As emerging high-energy storage devices, lithium-carbon dioxide (Li-CO2) batteries facilitate carbon neutrality and address the current limitations of lithium-ion batteries in terms of energy density. Stable and highly active catalytic cathodes constitute a pivotal factor in driving the commercialization of Li-CO2 batteries regard to reactant activation and decomposition of discharge products timely. Herein, a ceria-based high-entropy oxides (HEOs), denoted as CeFeCoNiMnOx, is synthesized by exploiting the exceptional heterogeneity-tolerant properties of fluorite-structured cerium oxide (CeO2).

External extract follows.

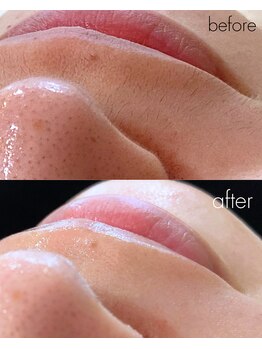 ビジ(biji)/見違える口周りへ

Leveraging the robust structural and chemical stability of the CeO2 framework, the encapsulated polymetallic active sites within the oxide are effectively integrated, thereby enhancing the electrochemical performance of the cathode. The resultant Li-CO2 battery demonstrates remarkable discharge voltage at 2.98 V, substantial discharge capacity of 11128 mAh g-1 as well as exceptional cycling stability of 171 cycles based on the HEOs at current rate of 100 mA g-1. Benefiting from the effective decomposition of discharge products by the synergistic action of multiple active sites, the cell exhibits a leading low overpotential at 0.91 V. The innovative design approach of utilizing fluorite-structured CeO2 as a substrate for the integration of multiple active sites and the subsequent construction of HEOs broadens the spectrum of catalytic cathodes for Li-CO2 batteries.